Son agresseur a été inculpé, mais les conséquences de ses crimes sont profondes.

"Pendant très longtemps, je n'ai pas parlé des abus dont j'ai été victime", confie Rhiannon à Euronews. "J'ai souffert d'anxiété, de crises de panique, de dépression, d'automutilation et de tentatives de suicide".

À 33 ans, elle vit en sachant que des images et des vidéos de ses abus circulent toujours en ligne.

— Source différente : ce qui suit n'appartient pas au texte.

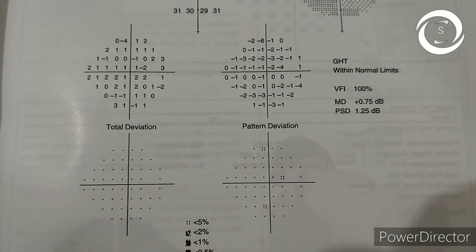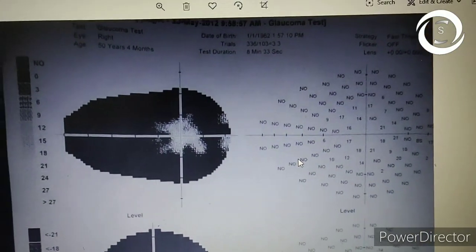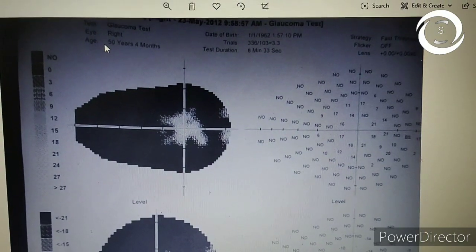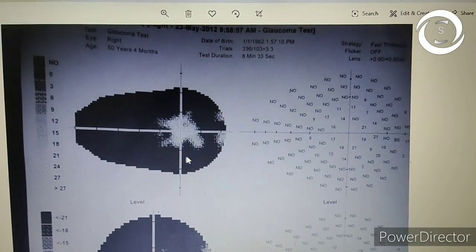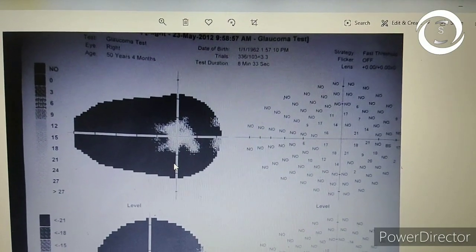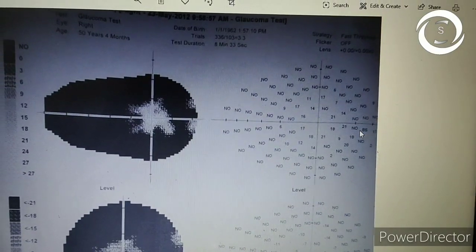Now I will show you a visual field printout of another patient which has been done on the Medmont. You can see the elongated circles — that is the grayscale. The right eye of a 50-year-old male patient has been tested. The test duration was eight minutes, which indicates a supra-threshold or SITA Standard-type strategy.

Aujourd'hui, elle prend la parole et demande une réglementation plus stricte pour lutter contre les prédateurs sexuels.

Jeudi, les ministres de l'Union européenne examinaient de nouvelles lois proposées par la Commission européenne pour lutter contre les abus sexuels commis sur des enfants, en ligne, et pour veiller à ce que les crimes, tels que ceux commis contre Rhiannon, ne soient pas revécus jour après jour sur le web.

Citoyenne britannique, Rhiannon estime que la proposition de règlement de l'UE et le projet de loi britannique sur la sécurité en ligne, qui entrera bientôt en vigueur, sont essentiels dans la lutte mondiale contre les abus sexuels commis sur des enfants.

Les lois prévues par l'UE utiliseraient les technologies émergentes pour détecter les contenus pédopornographiques nouveaux et existants ainsi que les activités de "grooming", et donneraient aux autorités nationales le pouvoir d'obliger les services numériques à analyser les communications des utilisateurs, y compris les messages cryptés.

Mais une vive polémique a éclaté, opposant les défenseurs de la protection de l'enfance aux lobbies des droits numériques, qui affirment que le règlement instaurera un régime de surveillance de masse et sonnera le glas de la protection de la vie privée numérique telle que nous la connaissons. Les partisans du règlement affirment que si celui-ci n'est pas adopté, les criminels ne seront pas détectés et les grandes entreprises technologiques ne seront pas réglementées.

Entre les deux camps se creuse un fossé difficile à franchir : comment attraper les abuseurs d'enfants sans porter atteinte à notre vie privée en ligne ?

Les technologies sont-elles suffisamment mûres ?

Pour détecter les contenus pédopornographiques connus des forces de l'ordre, la Commission européenne a proposé d'utiliser la fonction de hachage perceptuel des images et des vidéos. 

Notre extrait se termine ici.